On a le sentiment que cette démarche farouchement immersive et la virtuosité technique qui l’accompagne ne servent pas forcément le film. Celui-ci finit par être trop démonstratif, au risque que le spectateur, plutôt que de craindre pour la vie d’un homme, s’interroge sur l’emplacement impossible de la steadicam. Le choix des cadrages est lui aussi problématique : le point de vue légèrement en recul, avec le soldat bien au centre de l’image et la caméra collée à ses mouvements, n’est pas sans rappeler parfois le dispositif du jeu vidéo, l’interactivité en moins. Les séquences d’ « action » (la rencontre avec un sniper, la traversée nocturne d’une ville grouillante de soldats ennemis) ne sont pas ainsi les plus convaincantes, avec leur immédiateté haletante quelque peu surfaite, déréalisant la guerre plus qu’elles ne nous la font vivre. Trop d’immersion finit par créer de la distance, trop de mise en scène finit par éloigner le cinéma…

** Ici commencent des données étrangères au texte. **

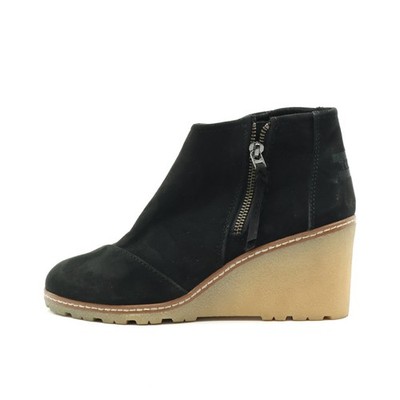 TOMS Damen Wedge Boot Boots Schwarz Wildleder Reißverschluss Stiefelette EU 37,5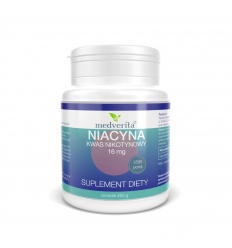 MEDVERITA Niacín kyselina nikotínová 16mg - prášok 250g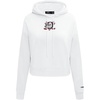 Pro Standard Womens NHL Classic Chenille Brushed Back French Terry Cropped Pullover Hoodie(White)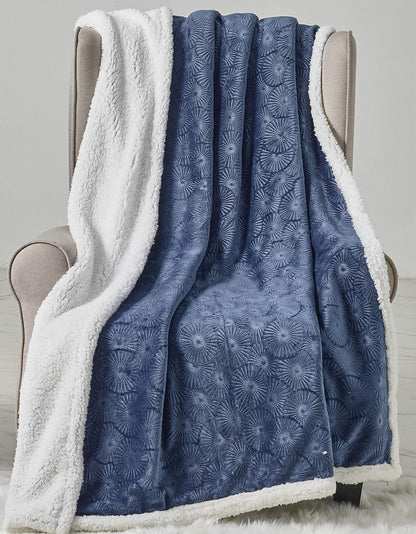Decor&More Bon Iver Collection Extra Soft Bursting Fireworks Embossed Microplush Throw Blanket with Sherpa Backing (50" x 60")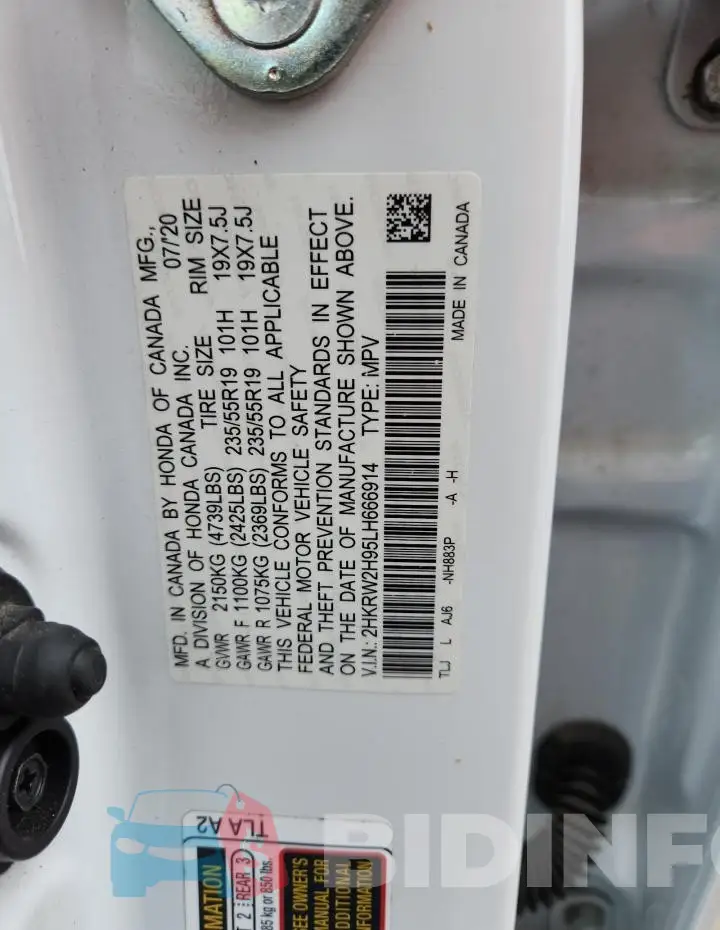 2HKRW2H95LH666914 Photo# 13
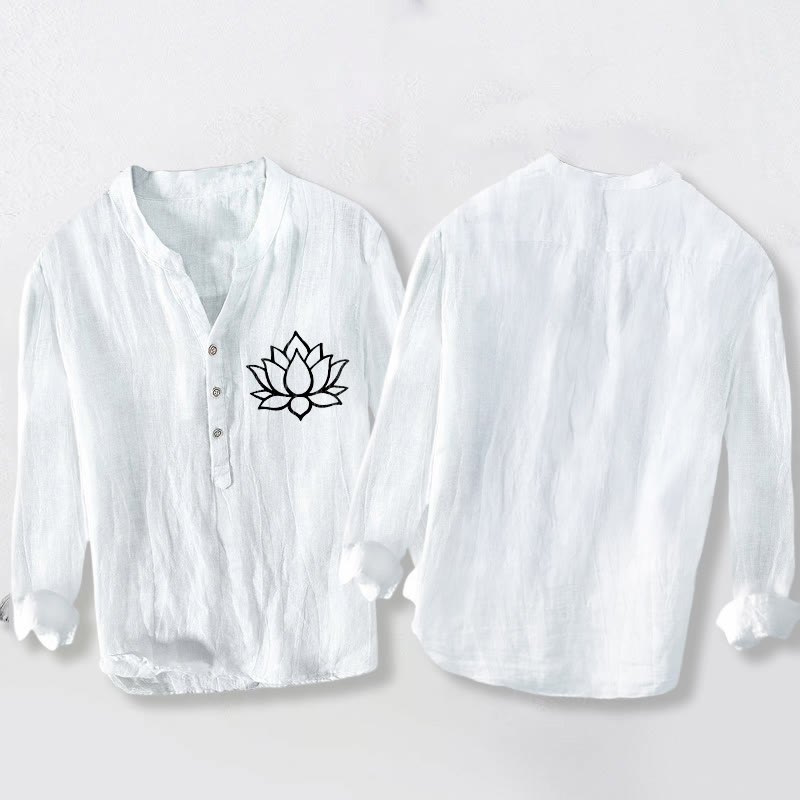 Camicia da uomo in cotone e lino a maniche lunghe con bottoni mezzi e motivo a fiori di loto Buddha Stones - image 8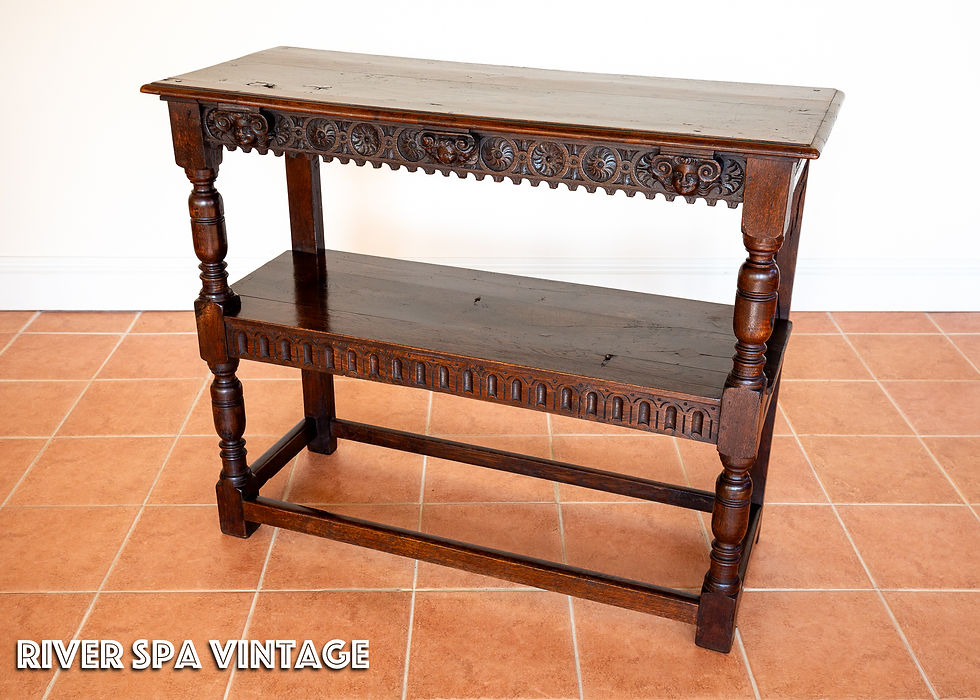 Thumbnail: Jacobean Country Court Cupboard Oak Tier Server Buffet Display Stand Media Unit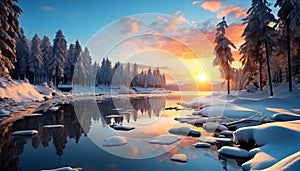 Winter landscape snow covered forest, tranquil scene, majestic mountains, icy water generated by AI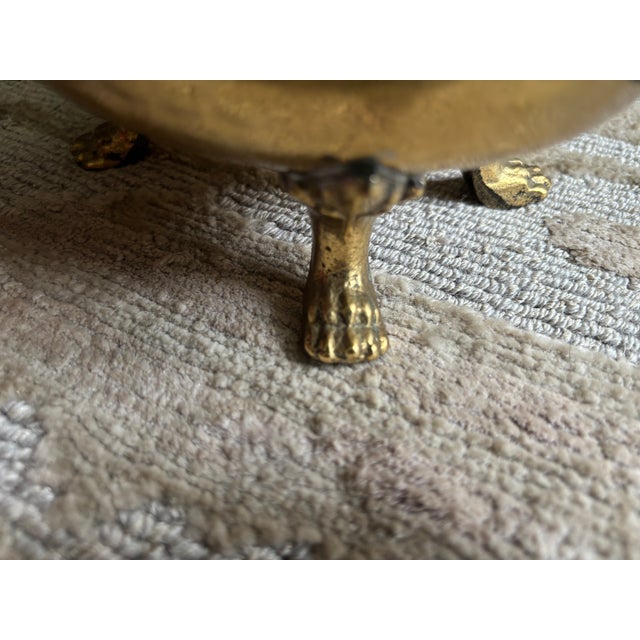 Metal Hammered Brass Cachepot With Paw Feet For Sale - Image 7 of 9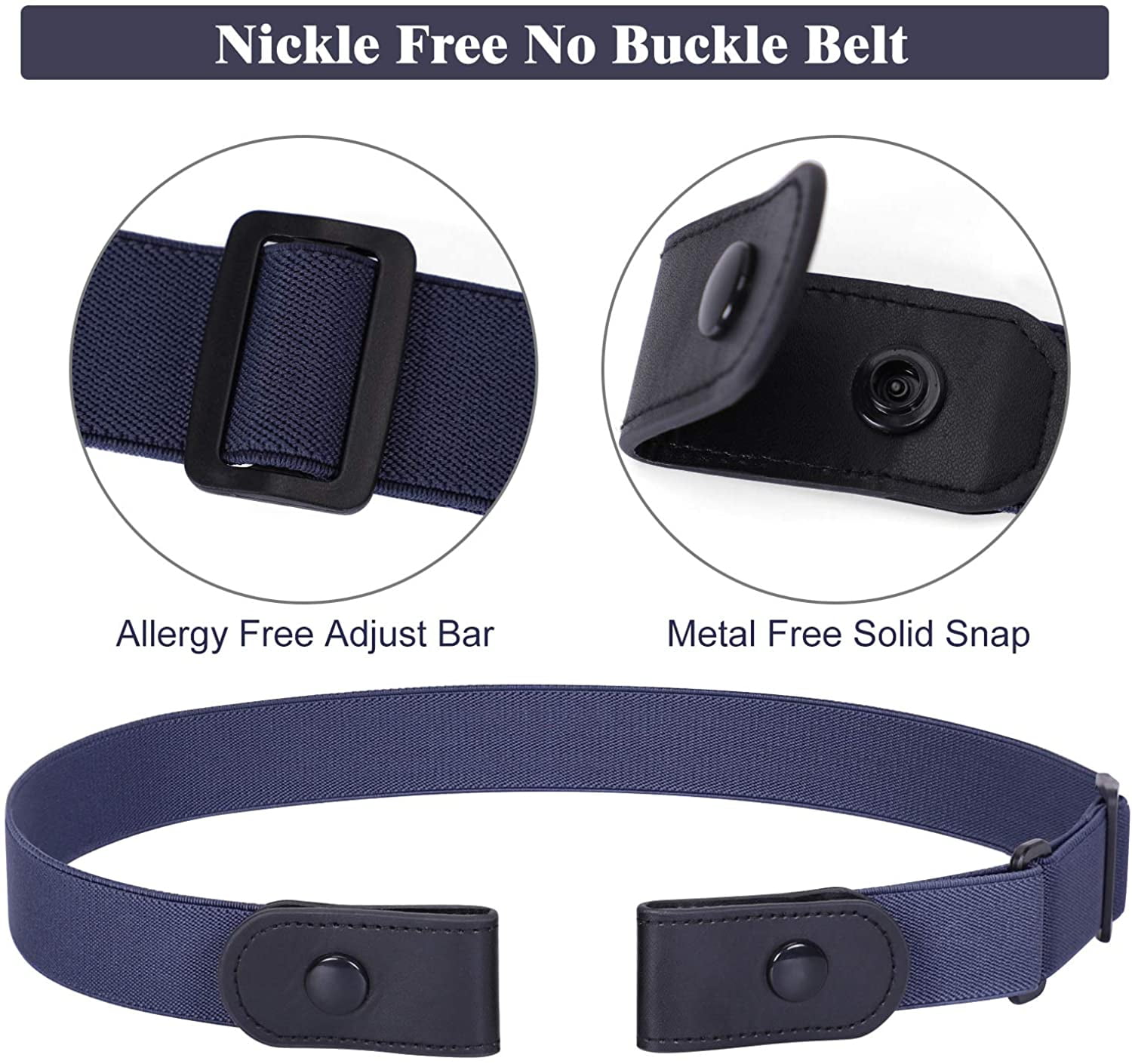 4 Pieces No Buckle Stretch Belt Buckle-free Belt Invisible Elastic Belt with 4PC 4× No-Buckle Elastic Waist Belt Set Buckle-Free Comfort  main image 4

Car c’est en effet de cinéma dont il est question, tout particulièrement dans un film de guerre. Non seulement dans la mise en scène, dont on finit par se dire qu’elle aurait été bonifiée par un bon vieux découpage en plans, mais aussi par un travail plus serré sur l’écriture. Hormis le bout de chemin effectué avec un convoi, dont le capitaine avertit le jeune soldat de l’attitude belliqueuse de certains hauts gradés, rares sont les moments de rencontre ou les lignes de dialogue permettant d’ancrer cette histoire dans une réflexion historique et politique, ou encore dans une aventure humaine et collective. En cela, ce 1917 pourrait tout aussi bien se dérouler ailleurs et à une autre époque. Certes, le film se concentre sur une expérience individuelle, mais dans ce cas on peut regretter à l’inverse que la séquence finale en dise trop, greffant de façon quelque peu hollywoodienne un historique familial à un personnage dont on ne savait rien jusque-là, alors que l’idée de ce soldat inconnu était justement belle.

On ne peut pas reprocher à Mendes de ne pas avoir fait un autre film que le sien, mais force est de constater que son 1917 demeure dans un entre-deux : située hors des combats mais menée à un rythme effréné, cette épopée finit par ne briller ni dans l’extrême réalisme, ni dans l’existentialisme, ni dans l’âpreté de la violence, ni dans l’évocation de la fraternité. Ces hésitations ne nuisent pas pour autant à ce qu’il nous restera du film : ses images impressionnantes et son hommage touchant à l’extrême jeunesse des soldats de 1914-1918. En cela, le choix des méconnus George MacKay et Dean-Charles Chapman, à l’inverse des célèbres acteurs qui incarnent les gradés, est judicieux, et donne au film sa singularité tout comme sa pertinence – la jeunesse sacrifiée n’étant malheureusement pas l’apanage de la Grande Guerre.